▶ **WHAT YOU HAVE TO DO**:
Restate, word for word and with no pictures, the stretch of lines in the data below that begins at the line with "Pippa's Fantasy Read online" and ends at the line with "oo.necklace / silver925 | yurikaakutsu oo.necklace", inclusive.

▶ **RECORD SET**:

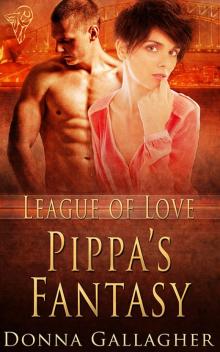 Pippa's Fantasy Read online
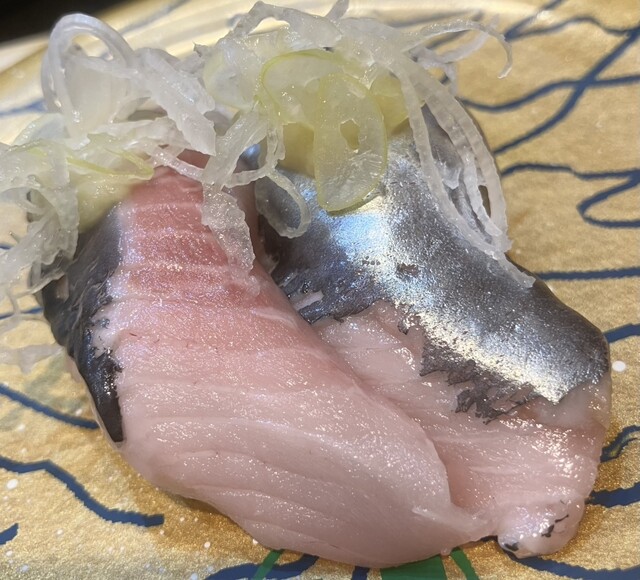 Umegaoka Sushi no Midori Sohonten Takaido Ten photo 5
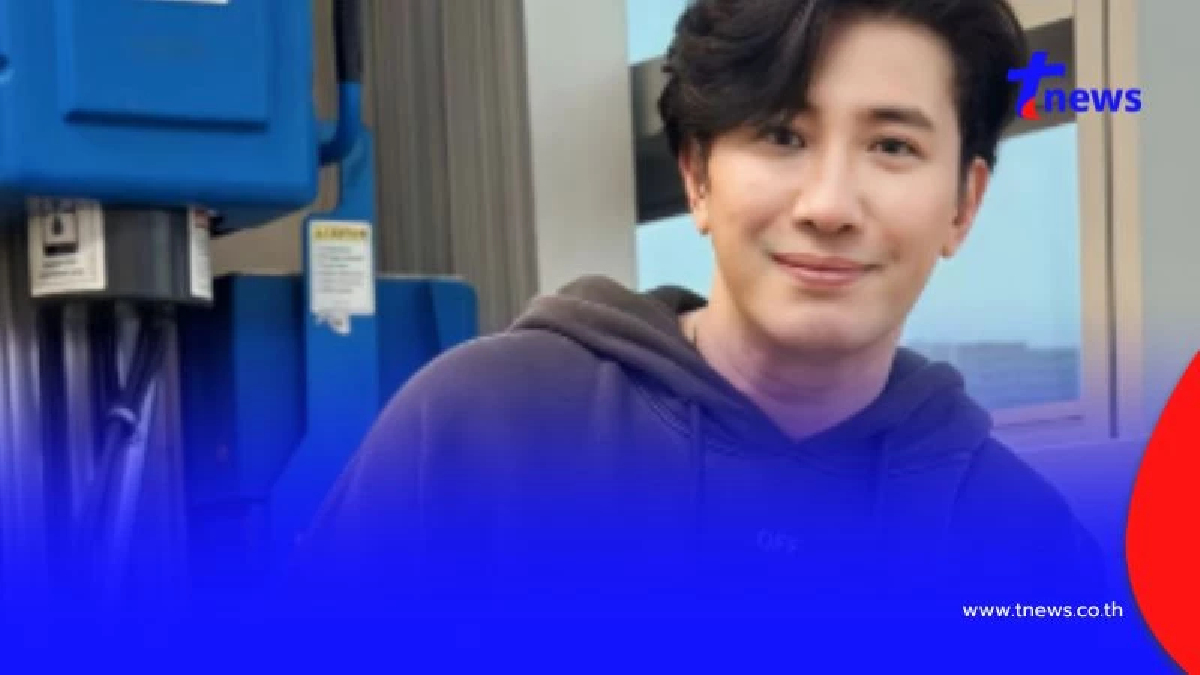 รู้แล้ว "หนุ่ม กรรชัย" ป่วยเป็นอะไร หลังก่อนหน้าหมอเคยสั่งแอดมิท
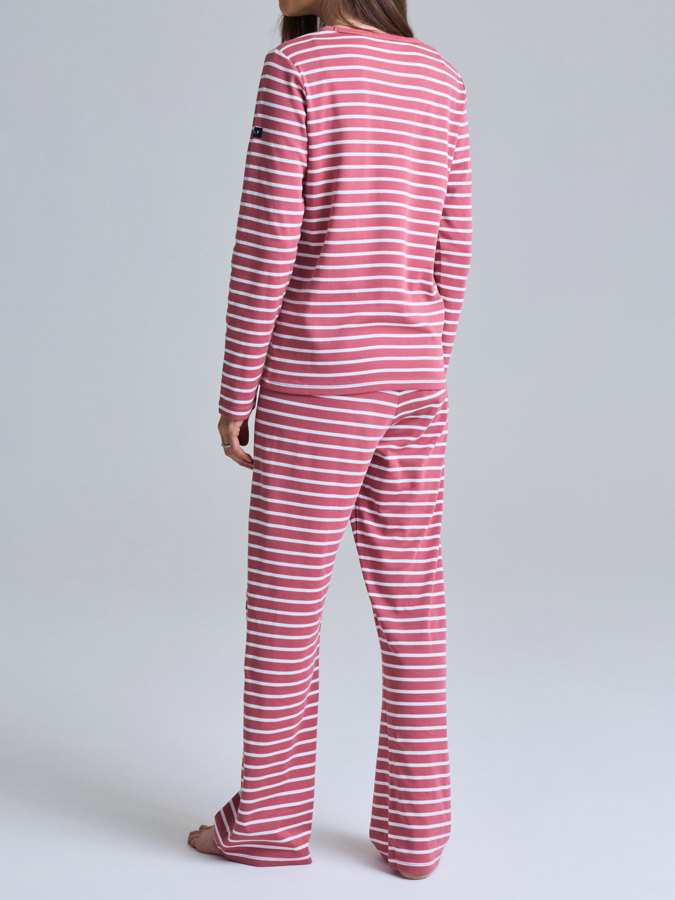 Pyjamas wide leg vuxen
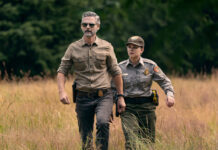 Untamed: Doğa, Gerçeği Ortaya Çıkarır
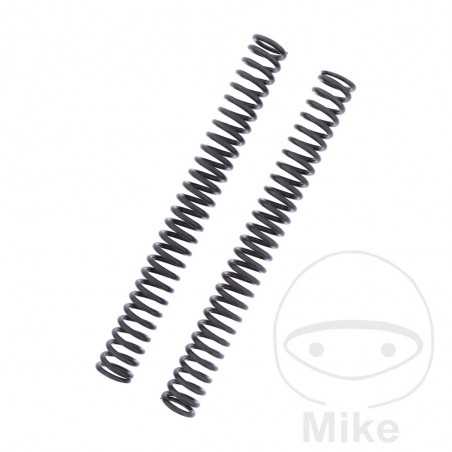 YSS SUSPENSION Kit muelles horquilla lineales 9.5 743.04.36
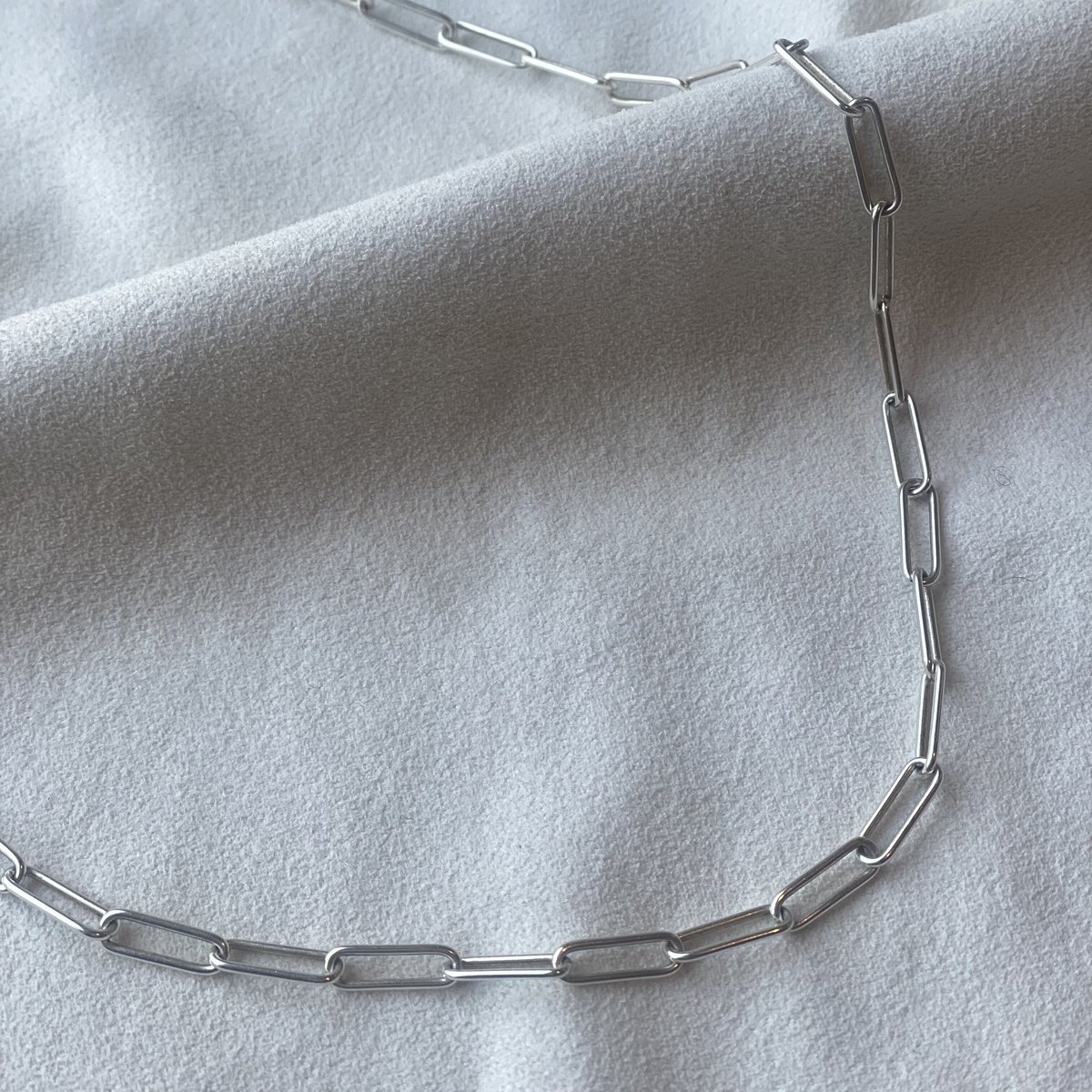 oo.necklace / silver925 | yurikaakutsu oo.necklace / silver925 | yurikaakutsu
---
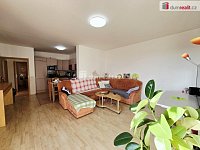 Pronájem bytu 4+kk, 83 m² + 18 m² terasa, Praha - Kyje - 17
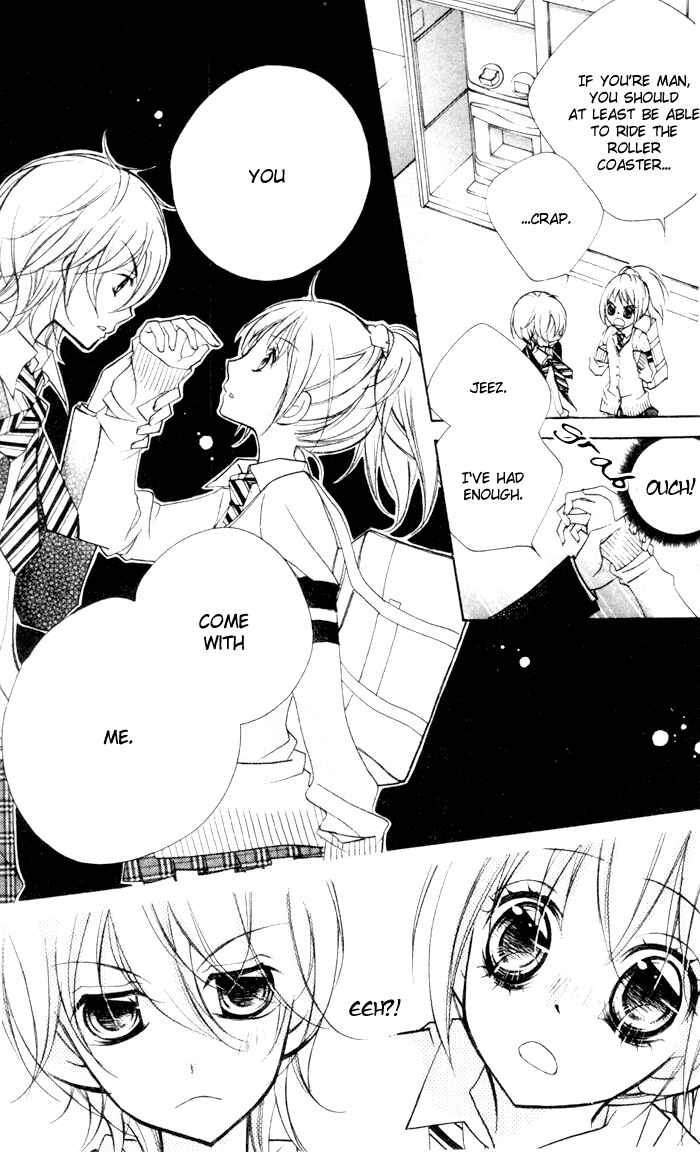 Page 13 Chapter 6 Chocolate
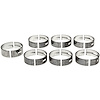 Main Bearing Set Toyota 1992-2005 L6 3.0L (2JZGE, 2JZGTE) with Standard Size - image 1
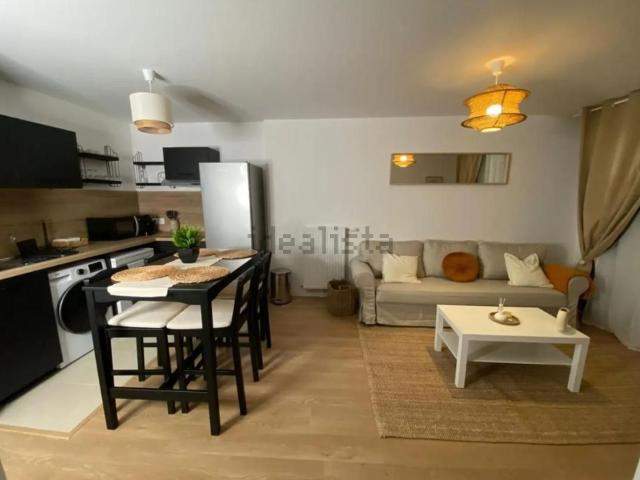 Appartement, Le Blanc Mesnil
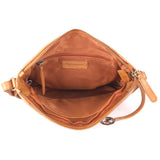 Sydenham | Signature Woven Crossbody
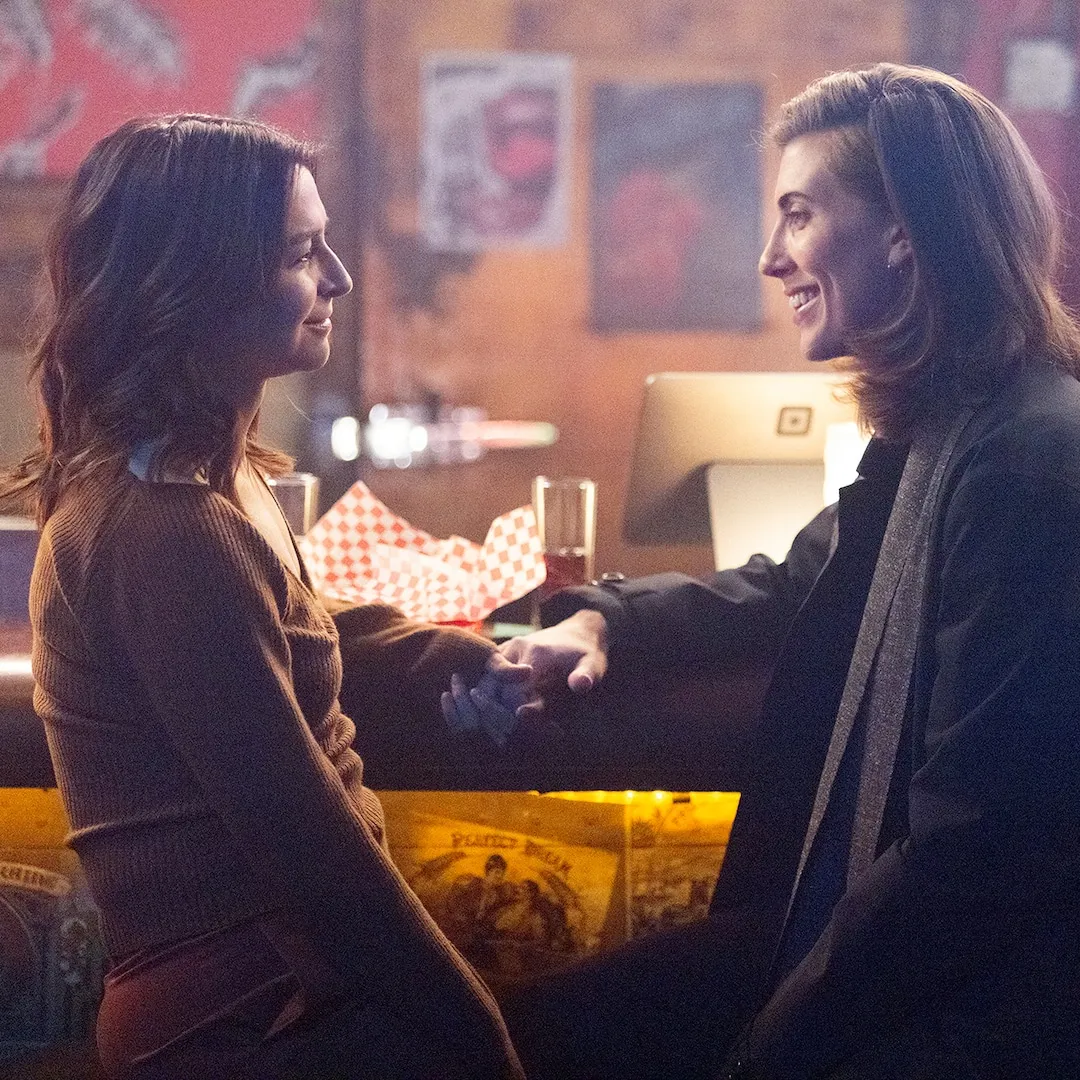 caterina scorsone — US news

▶ **RESULT OF THE TASK**:
 Pippa's Fantasy Read online
 Umegaoka Sushi no Midori Sohonten Takaido Ten photo 5
 รู้แล้ว "หนุ่ม กรรชัย" ป่วยเป็นอะไร หลังก่อนหน้าหมอเคยสั่งแอดมิท
 Pyjamas wide leg vuxen
 Untamed: Doğa, Gerçeği Ortaya Çıkarır
 YSS SUSPENSION Kit muelles horquilla lineales 9.5 743.04.36
 oo.necklace / silver925 | yurikaakutsu oo.necklace / silver925 | yurikaakutsu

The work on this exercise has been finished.